RunLengthBitPackingHybridDecoder allocates a new int[] and byte[] on every PACKED run during decode. The code itself flagged this with a // TODO: reuse a buffer comment. This PR resolves the TODO by reusing the buffers across runs within the same decoder instance, growing them lazily only when a larger run is encountered.

Also adds a currentBufferLength field to track the logical active-region length in packedValuesBuffer (since packedValuesBuffer.length may now exceed the current run's size after a prior larger run grew it).

Benchmark

RleDictionaryIndexDecodingBenchmark (added in #3512) isolates the RLE/bit-packed dictionary-id decode path. 100k INT32 dictionary IDs, BIT_WIDTH=10, JMH -wi 5 -i 10 -f 2 (20 measurement iterations):

Pattern	master (ops/s)	optimized (ops/s)	Improvement
SEQUENTIAL	93,061,521	113,856,860	+22.3%
RANDOM	92,929,824	114,238,638	+22.9%
LOW_CARDINALITY	92,813,229	115,271,347	+24.2%

End-to-end FileReadBenchmark sees a much smaller ~2% improvement because RLE decoding is only one of many pipeline stages; the isolated micro-benchmark shows the true magnitude on the affected code path.

Validation

parquet-column: 573 tests pass
TestRunLengthBitPackingHybridEncoder: 9 tests pass (these round-trip values through the decoder)
Built with -Dspotless.check.skip=true -Drat.skip=true -Djapicmp.skip=true

Scope

17 LOC change to a single file.

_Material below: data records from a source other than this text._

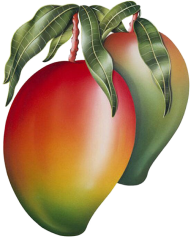 Uma Gumalu - Mango Lassi PNG Transparent With Clear Background ID 217863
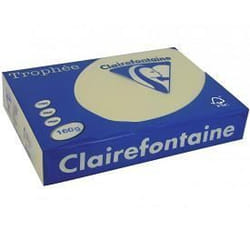 Papier - CLAIREFONTAINE - Trophée A4 - 160g - Couleur Chamois - 250 Feuilles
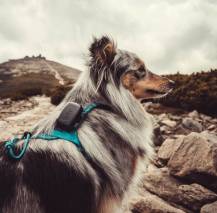 Obrázek k výrobku 129846 - DOG GPS mini lokátor pro psy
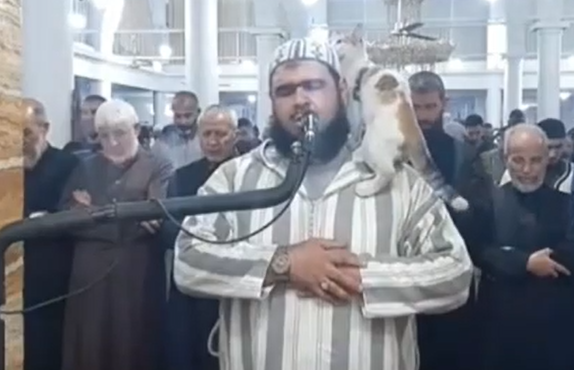 Video: Gato saltó encima de un jeque durante el Ramadán en Argelia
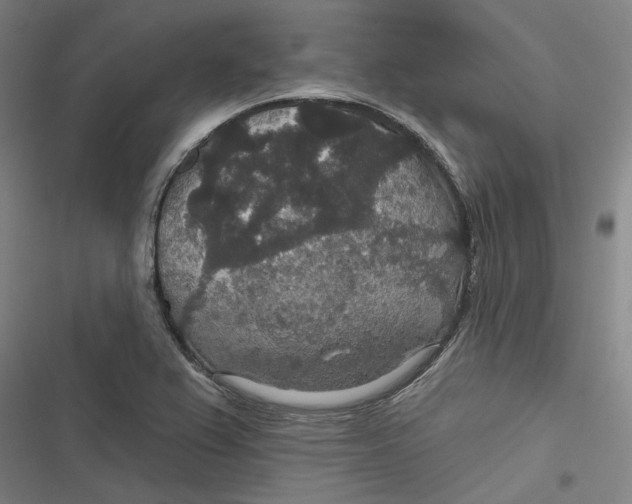 X0000116791367201001081305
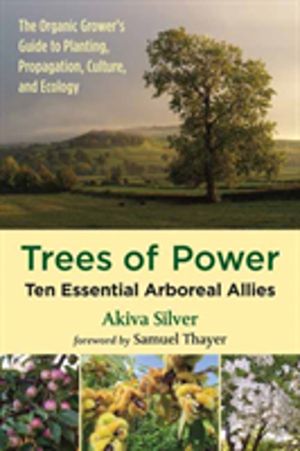 Trees of Power - Ten Essential  Arboreal Allies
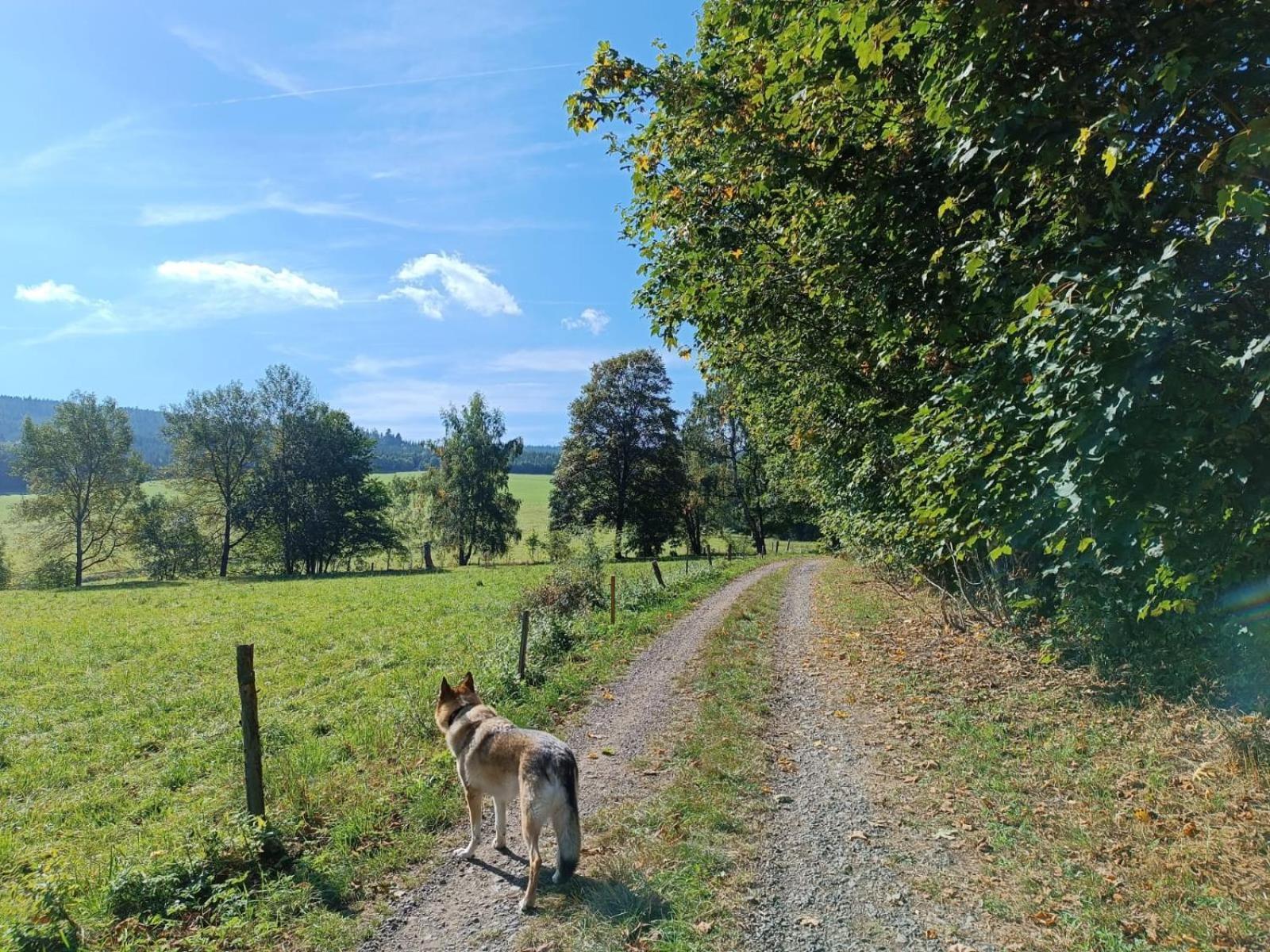 Srub - Sumava *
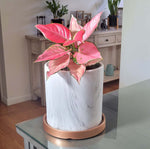 Aglaonema 'Wishes' Easy Pink Houseplant Verdant Lyfe in Selene ceramic planter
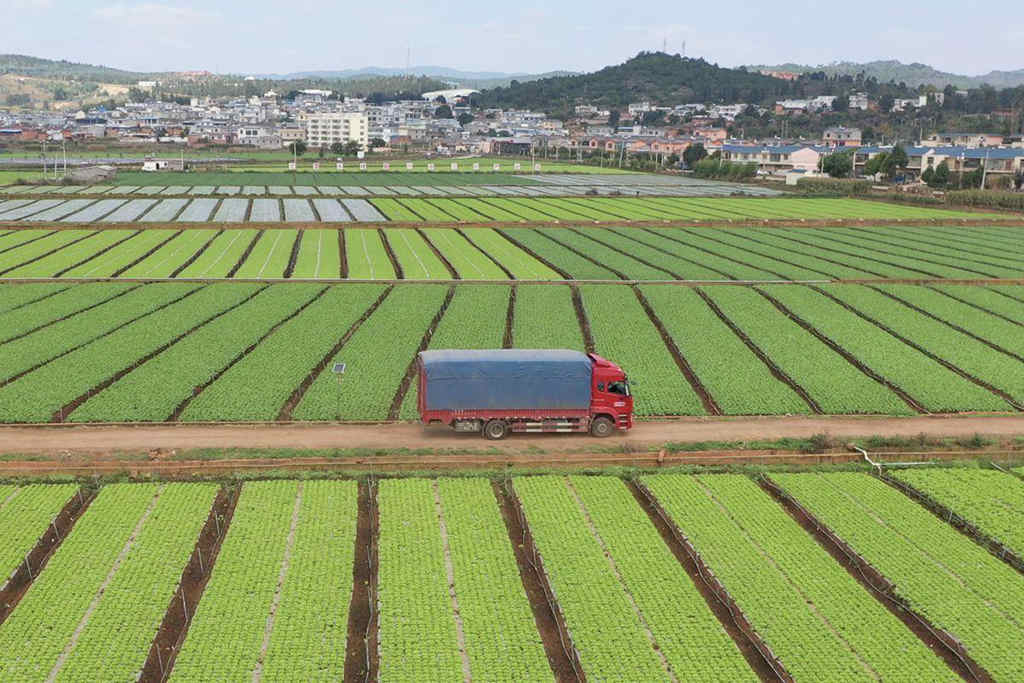 云南区域市占率高达19%西南绿通客户为何都选潍柴WP2.5N发动机? - 第2张 - 提加商用车网 云南区域市占率高达19%西南绿通客户为何都选潍柴WP2.5N发动机? - 第2张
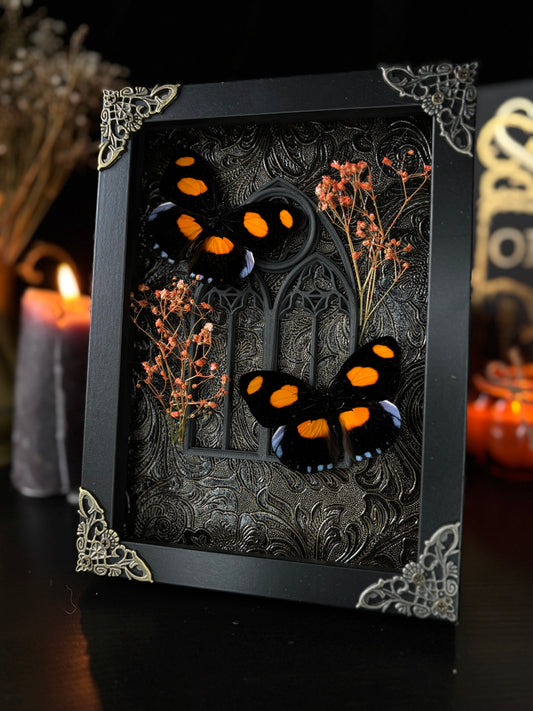 Catonephele Numillia Butterfly Shrine | Gothic Window Frame with Florals (18x13cm)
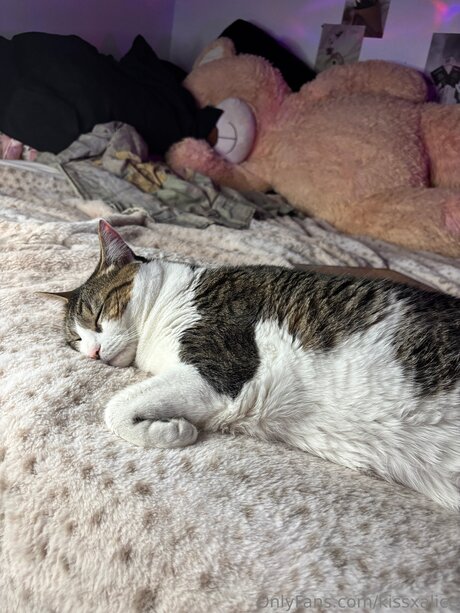 Kissxalice onlyfans porn nude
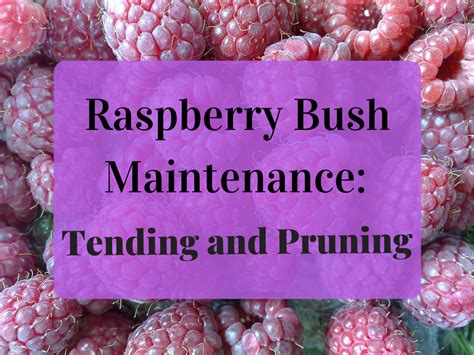 How and When to Plant and Prune Raspberry Bushes | Dengarden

Self-contained and obviously correct (resolves the existing TODO).

How to reproduce

The benchmark is added in #3512. Once that lands, reproduce with:

./mvnw clean package -pl parquet-benchmarks -DskipTests \
    -Dspotless.check.skip=true -Drat.skip=true -Djapicmp.skip=true
java -jar parquet-benchmarks/target/parquet-benchmarks.jar \
    'RleDictionaryIndexDecodingBenchmark' -wi 5 -i 10 -f 2

arouel

Have you seen the PR #3467 which addresses the same issue? I would prefer if we help each other in reviewing instead of creating more PRs of the same kind.

Fokko

Thanks for fixing this outstanding TODO @iemejia 🙌

I left one comment because I think it would good to update to the non-deprecated API of parquet-encoding while at it. WDYT?

Fokko · 2026-04-28T18:05:16Z

        int bytesToRead = (int) Math.ceil(currentCount * bitWidth / 8.0);
        bytesToRead = Math.min(bytesToRead, in.available());
-        new DataInputStream(in).readFully(bytes, 0, bytesToRead);
+        new DataInputStream(in).readFully(packedBytesBuffer, 0, bytesToRead);


I think it is on purpose to not close this resource, should we add a comment to it?

Fokko · 2026-04-28T18:06:35Z

            valueIndex < currentCount;
            valueIndex += 8, byteIndex += bitWidth) {
-          packer.unpack8Values(bytes, byteIndex, currentBuffer, valueIndex);
+          packer.unpack8Values(packedBytesBuffer, byteIndex, currentBuffer, valueIndex);


I noticed that unpack8Values(final byte[] input, ...) is deprecated, should we switch to the ByteBuffer overload while we're reworking this?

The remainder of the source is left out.